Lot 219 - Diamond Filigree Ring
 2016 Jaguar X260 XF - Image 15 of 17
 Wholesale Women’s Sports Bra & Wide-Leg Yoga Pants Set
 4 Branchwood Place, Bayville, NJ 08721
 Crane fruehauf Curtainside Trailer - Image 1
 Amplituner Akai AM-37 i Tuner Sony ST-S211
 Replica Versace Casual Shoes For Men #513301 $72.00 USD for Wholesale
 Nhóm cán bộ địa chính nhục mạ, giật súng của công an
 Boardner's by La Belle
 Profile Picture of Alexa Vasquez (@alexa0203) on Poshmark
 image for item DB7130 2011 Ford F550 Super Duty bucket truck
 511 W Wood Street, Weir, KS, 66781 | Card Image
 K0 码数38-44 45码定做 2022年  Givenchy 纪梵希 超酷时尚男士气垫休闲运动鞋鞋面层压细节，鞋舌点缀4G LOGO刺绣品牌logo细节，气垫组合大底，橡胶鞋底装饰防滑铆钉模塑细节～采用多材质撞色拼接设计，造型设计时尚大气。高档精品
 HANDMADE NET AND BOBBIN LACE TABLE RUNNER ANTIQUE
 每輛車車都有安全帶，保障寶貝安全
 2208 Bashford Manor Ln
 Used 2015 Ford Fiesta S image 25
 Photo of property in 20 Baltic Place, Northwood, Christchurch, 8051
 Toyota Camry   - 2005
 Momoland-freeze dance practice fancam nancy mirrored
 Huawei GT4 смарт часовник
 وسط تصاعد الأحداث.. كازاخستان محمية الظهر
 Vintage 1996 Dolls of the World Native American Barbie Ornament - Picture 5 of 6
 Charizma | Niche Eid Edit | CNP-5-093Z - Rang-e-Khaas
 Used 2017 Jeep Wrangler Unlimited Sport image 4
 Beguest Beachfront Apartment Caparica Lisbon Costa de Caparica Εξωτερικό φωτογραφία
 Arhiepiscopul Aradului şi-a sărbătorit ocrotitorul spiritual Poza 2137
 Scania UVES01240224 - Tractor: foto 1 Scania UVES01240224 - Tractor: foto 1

•••••

◆ Required action ◆
Please copy the lines above from the line with "K0 码数38-44 45码定做" up to and including the line with "Used 2017 Jeep", exactly as written and with nothing else.

◆ Written answer ◆
 K0 码数38-44 45码定做 2022年  Givenchy 纪梵希 超酷时尚男士气垫休闲运动鞋鞋面层压细节，鞋舌点缀4G LOGO刺绣品牌logo细节，气垫组合大底，橡胶鞋底装饰防滑铆钉模塑细节～采用多材质撞色拼接设计，造型设计时尚大气。高档精品
 HANDMADE NET AND BOBBIN LACE TABLE RUNNER ANTIQUE
 每輛車車都有安全帶，保障寶貝安全
 2208 Bashford Manor Ln
 Used 2015 Ford Fiesta S image 25
 Photo of property in 20 Baltic Place, Northwood, Christchurch, 8051
 Toyota Camry   - 2005
 Momoland-freeze dance practice fancam nancy mirrored
 Huawei GT4 смарт часовник
 وسط تصاعد الأحداث.. كازاخستان محمية الظهر
 Vintage 1996 Dolls of the World Native American Barbie Ornament - Picture 5 of 6
 Charizma | Niche Eid Edit | CNP-5-093Z - Rang-e-Khaas
 Used 2017 Jeep Wrangler Unlimited Sport image 4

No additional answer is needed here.